Image-text web data:
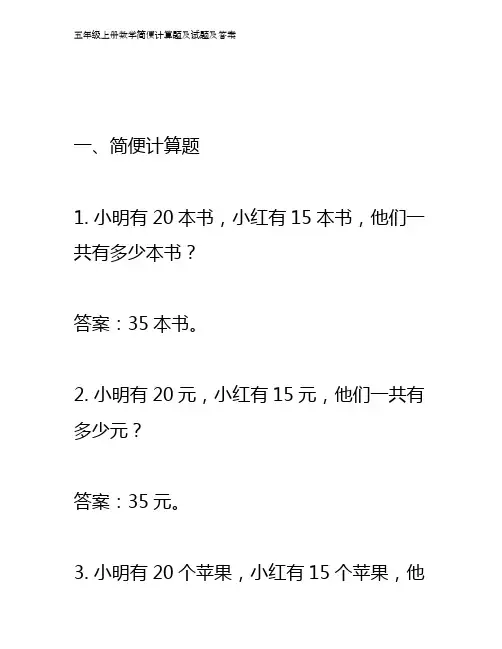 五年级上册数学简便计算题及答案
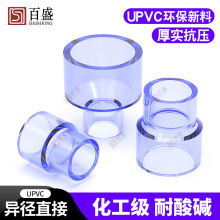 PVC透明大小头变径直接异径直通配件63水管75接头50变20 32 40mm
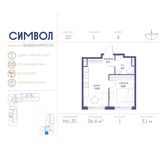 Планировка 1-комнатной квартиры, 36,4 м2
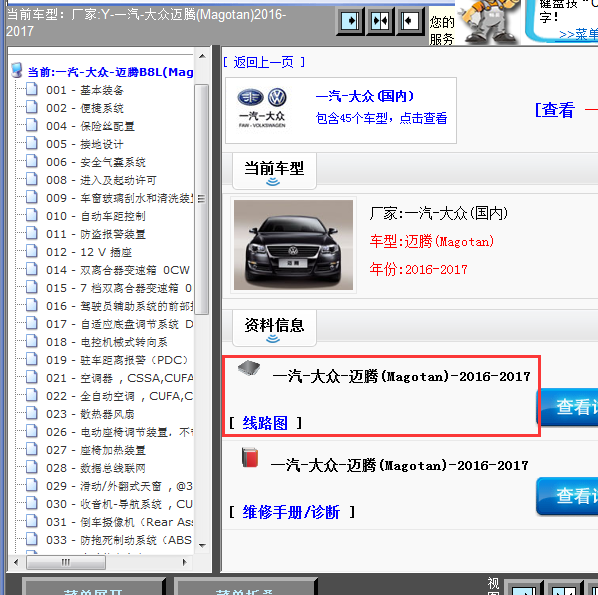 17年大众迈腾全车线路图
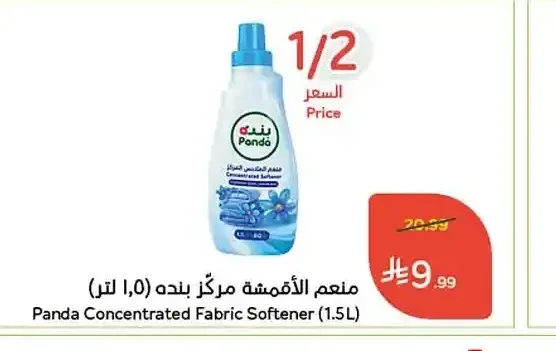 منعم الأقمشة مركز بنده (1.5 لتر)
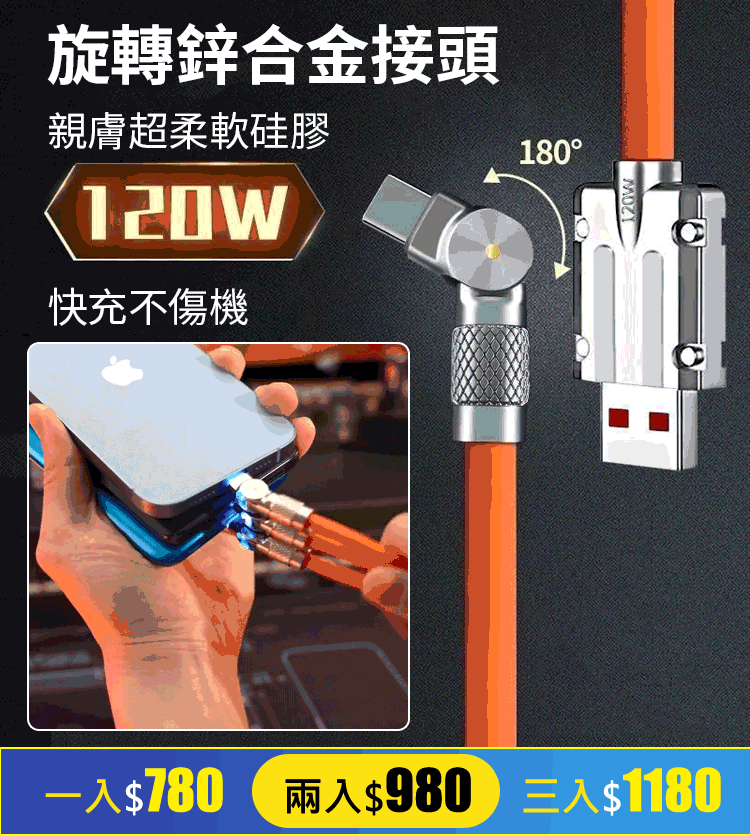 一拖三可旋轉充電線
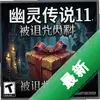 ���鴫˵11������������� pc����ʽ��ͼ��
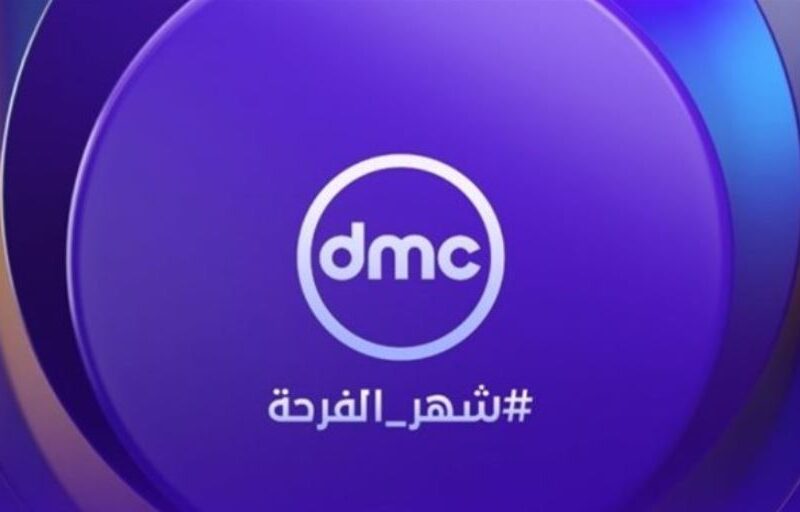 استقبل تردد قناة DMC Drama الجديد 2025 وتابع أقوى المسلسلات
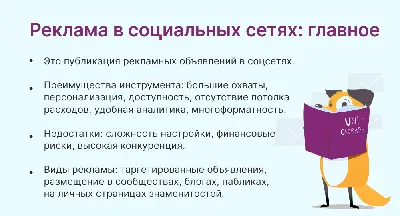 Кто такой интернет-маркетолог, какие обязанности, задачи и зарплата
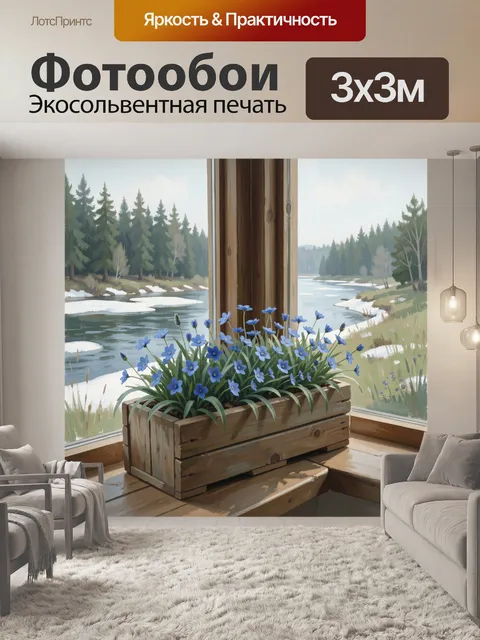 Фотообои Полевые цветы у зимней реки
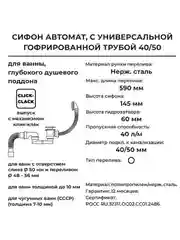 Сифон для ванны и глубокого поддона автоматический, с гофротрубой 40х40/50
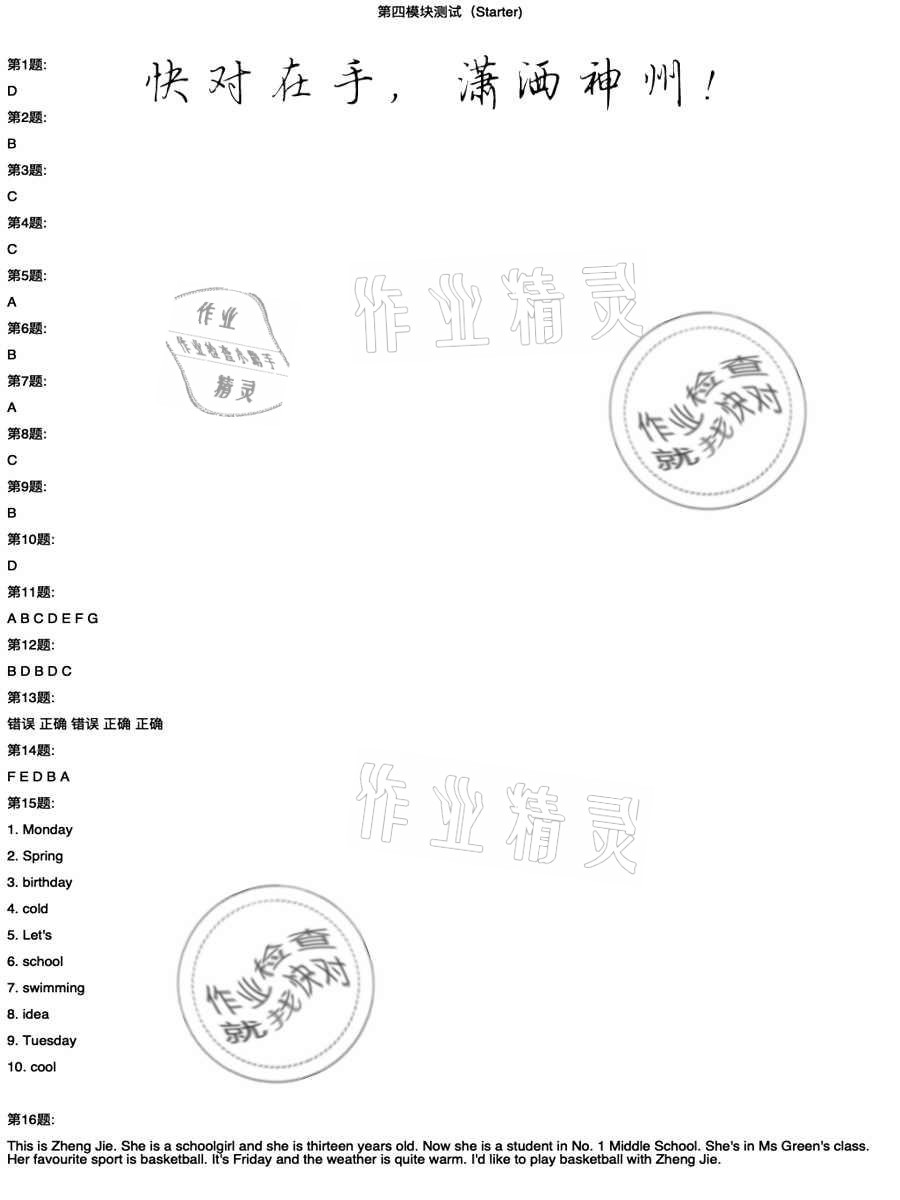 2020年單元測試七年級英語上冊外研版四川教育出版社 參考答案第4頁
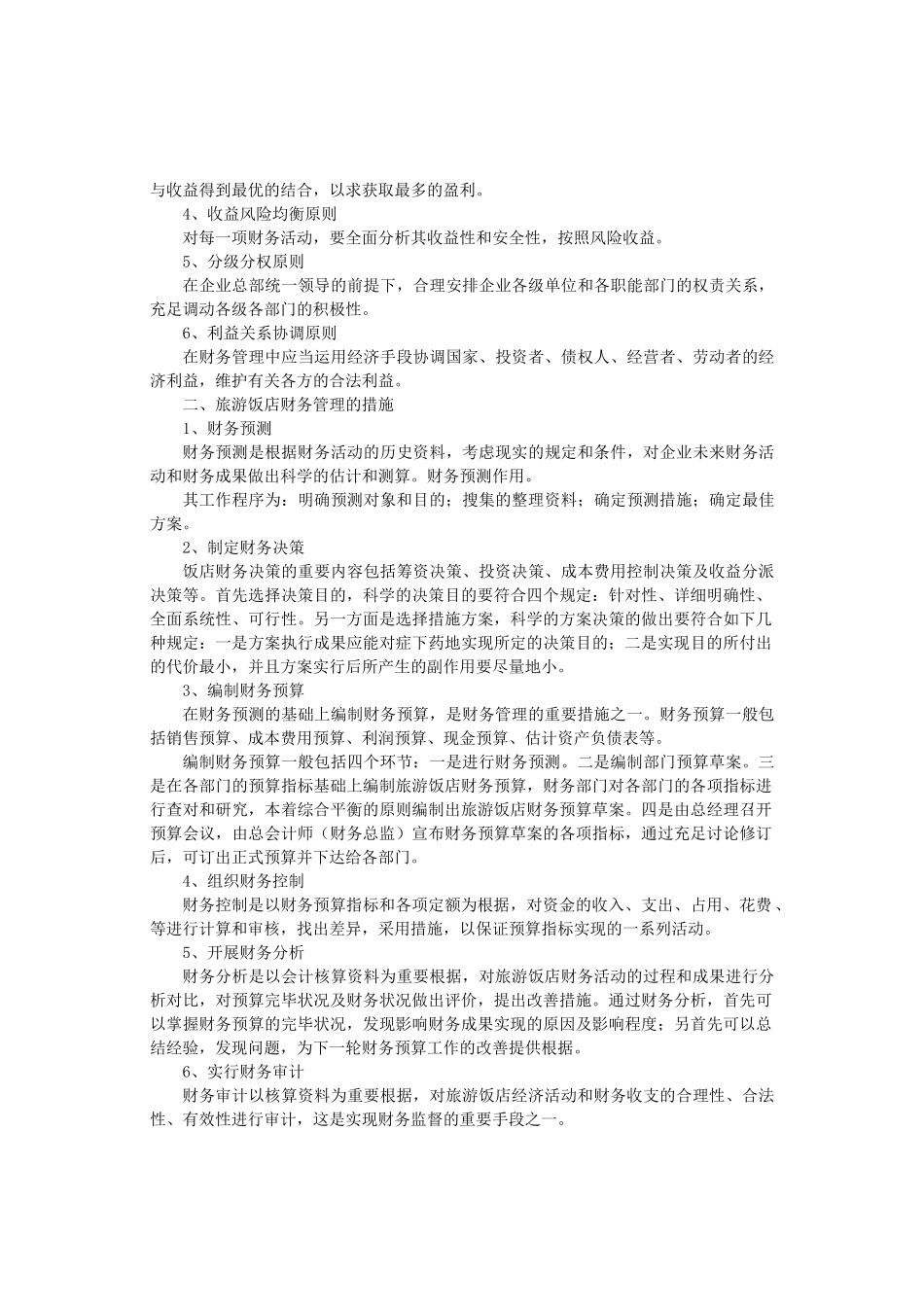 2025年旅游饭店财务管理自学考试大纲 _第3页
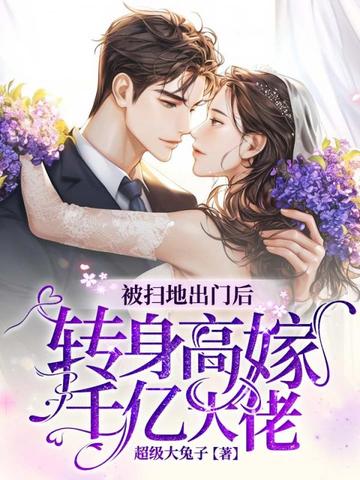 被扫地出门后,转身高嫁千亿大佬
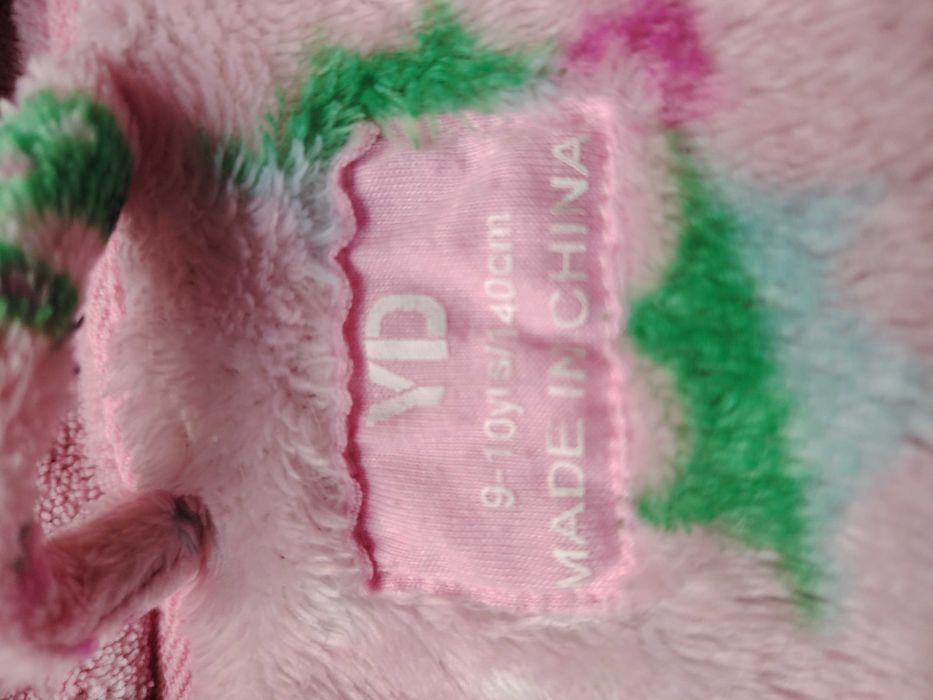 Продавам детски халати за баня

EXERCISE REQUIREMENTS: Only the lines from the start of the records to the line with "Фотообои Полевые цветы у зимней реки" belong in the copy. Print them exactly, minus pictures.

RESULT:
 五年级上册数学简便计算题及答案
 PVC透明大小头变径直接异径直通配件63水管75接头50变20 32 40mm
 Планировка 1-комнатной квартиры, 36,4 м2
 17年大众迈腾全车线路图
 منعم الأقمشة مركز بنده (1.5 لتر)
 一拖三可旋轉充電線
 ���鴫˵11������������� pc����ʽ��ͼ��
 استقبل تردد قناة DMC Drama الجديد 2025 وتابع أقوى المسلسلات
 Кто такой интернет-маркетолог, какие обязанности, задачи и зарплата
 Фотообои Полевые цветы у зимней реки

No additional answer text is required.